Department of Cognitive, Linguistic, and Psychological Sciences, Brown University, Providence, RI 02912, USA.
Proc Biol Sci. 2022 Mar 9;289(1970):20212089. doi: 10.1098/rspb.2021.2089. Epub 2022 Mar 2.
Patterns of collective motion in bird flocks, fish schools and human crowds are believed to emerge from local interactions between individuals. Most 'flocking' models attribute these local interactions to hypothetical rules or metaphorical forces and assume an omniscient third-person view of the positions and velocities of all individuals in space. We develop a of collective motion in human crowds based on the visual coupling that governs pedestrian interactions from a first-person embedded viewpoint. Specifically, humans control their walking speed and direction by cancelling the average angular velocity and optical expansion/contraction of their neighbours, weighted by visibility (1 - occlusion).
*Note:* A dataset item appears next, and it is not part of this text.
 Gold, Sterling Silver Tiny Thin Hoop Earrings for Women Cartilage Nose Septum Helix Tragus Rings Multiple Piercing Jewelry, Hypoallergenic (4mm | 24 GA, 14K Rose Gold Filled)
We test the model by simulating data from experiments with virtual crowds and real human 'swarms'. The visual model outperforms our previous omniscient model and explains basic properties of interaction: 'repulsion' forces reduce to cancelling optical expansion, 'attraction' forces to cancelling optical contraction and 'alignment' to cancelling the combination of expansion/contraction and angular velocity. Moreover, the neighbourhood of interaction follows from Euclid's Law of perspective and the geometry of occlusion. We conclude that the local interactions underlying human flocking are a natural consequence of the laws of optics. Similar perceptual principles may apply to collective motion in other species.
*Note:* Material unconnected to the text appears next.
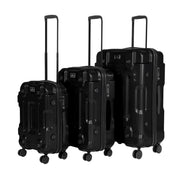 Dellonda 3-Piece Lightweight ABS Luggage Set  - 20", 24", 28" - Black Dellonda  - Dynamic Drive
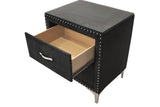 Lucinda Black Nightstand from Crown Mark - Luna Furniture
鸟类群体、鱼类群体和人群的集体运动模式被认为是个体之间局部相互作用的结果。大多数“群体”模型将这些局部相互作用归因于假设的规则或隐喻的力量,并假设对空间中所有个体的位置和速度具有全知的第三人称视角。我们从嵌入的第一人称视角出发,基于视觉耦合,开发了一种人类群体的集体运动模型。具体来说,人类通过取消邻居的平均角速度和光的膨胀/收缩(通过可见度 1-遮挡进行加权)来控制行走速度和方向。我们通过模拟虚拟人群和真实人类“蜂群”的实验数据来测试模型。视觉模型优于我们之前的全知模型,并解释了相互作用的基本特性:排斥力可简化为取消光的膨胀,吸引力可简化为取消光的收缩,对齐可简化为取消膨胀/收缩和角速度的组合。此外,相互作用的邻域遵循欧几里得的透视定律和遮挡的几何形状。我们的结论是,人类群体中潜在的局部相互作用是光学定律的自然结果。类似的感知原则可能适用于其他物种的集体运动。